There was the craziness of SymbOS which need lots of extra memory and was designed to run with up to a megabyte but that didn't arrive until after 2000 so not representative of Z-80 design trends.

* http://www.cpcwiki.eu/forum/games/games-using-128k-ram/

** GSX plus CP/M Plus is memory hungry
 
Thank you everyone! I do now understand why CP/M 1.x and 2.2 were such a great break-trough on early micros from the 1970s. :)
Tiny requirements and flexibility (CP/M was among the first portable and hardware-independable OS) and support for floppy disks.
Meanwhile, the real, physical releases of the CP/M OS stopped being updated on most niche-PCs, so people settled for CP/M 2.2 finally.

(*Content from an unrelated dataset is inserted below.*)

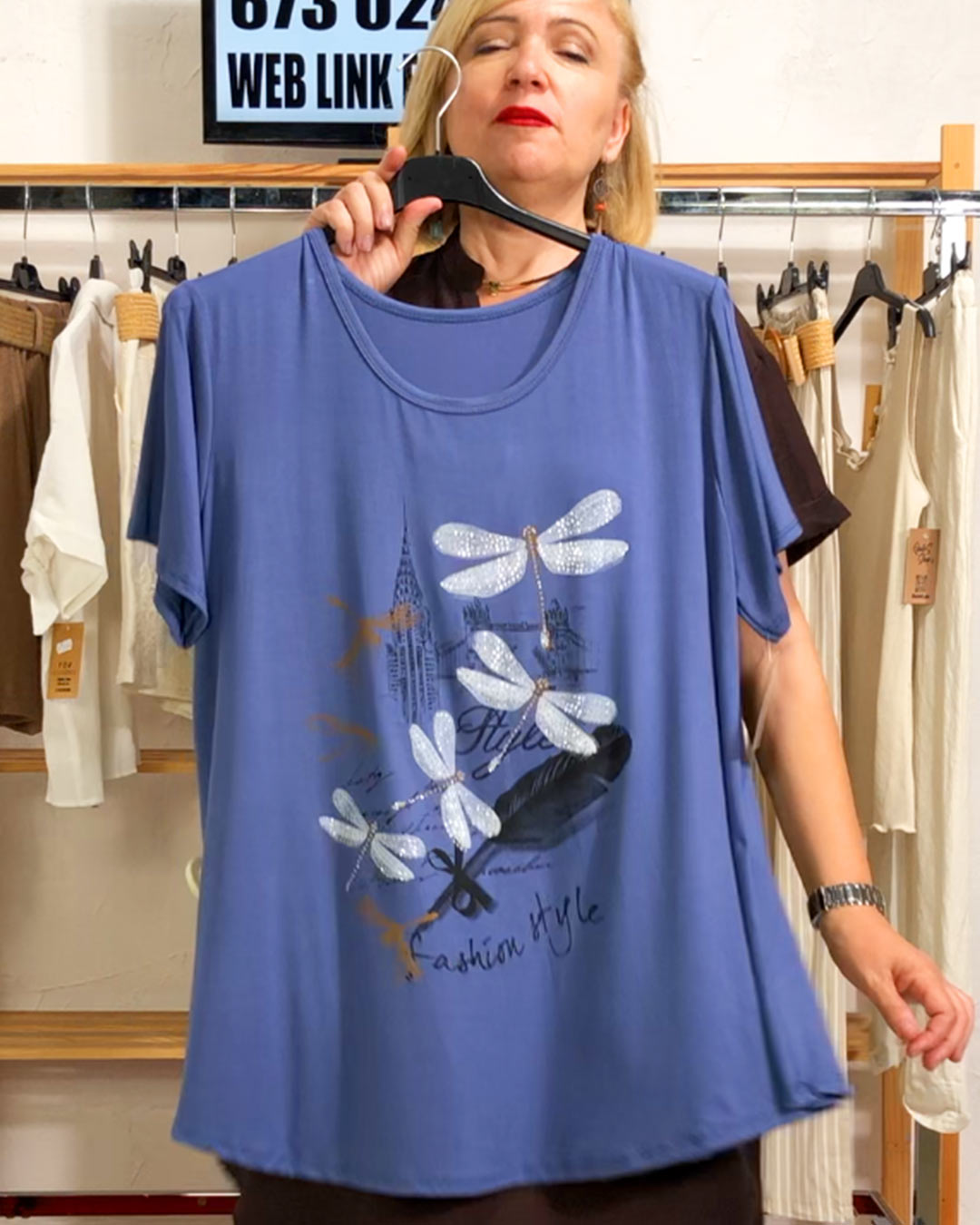 quiles_shop-camiseta-mariposas-azul-moda-mujer-curvy-low-cost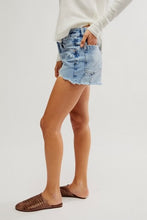 Load image into Gallery viewer, FREE PEOPLE-NOW OR NEVER DENIM SHORT MOON CHILD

Though there's still one thing that I'm curious - why didn't later emulators releases catch up and continued to improve (in general) ?
Adding CP/M Plus calls and other useful features neither harmed any compatbility, nor did it cost a cent, since these emulators were "synthetic".
Ie. not using any physical parts or code from Digital Research. They merely implemented conventions and software APIs (or ABIs) that were compatible to CP/M-80.

That's what puzzles me. In 1983, writing a barebone CP/M 2.2 emulator surely made sense, but by 1985 to 1989 things could have become more sophisticated.
I mean to say, as time went on, legacy hardware was fading away, simultanously, Personal Computers became more powerful.
Wouldn't it had made sense to allow CP/M applications to use these featues, maybe by adding a virtual CRT device and/or multiple TTY devices
or by mapping the 16 user channels to sepparate directories on the fixed disks ?
 
They did. Somewhat. http://www.z80.eu/myz80cpm.html handles of number of post-2.2 calls and implements a few terminals if the documentation is to be trusted.

I suspect it got a lot harder to emulate later versions since calls didn't have a matching MSDOS call to build around.
 
22Nice, I suppose, could add as many CP/M 3.0 calls as desired, since the resident part is just a stub with a few tables. The "meat" is all x86 code. But I've never been asked to do this in (2019-1987) = 32 years. For all I know, I may have implemented a few extra calls--I haven't looked at the code in 20+ years, when I added the "user-defined code" feature.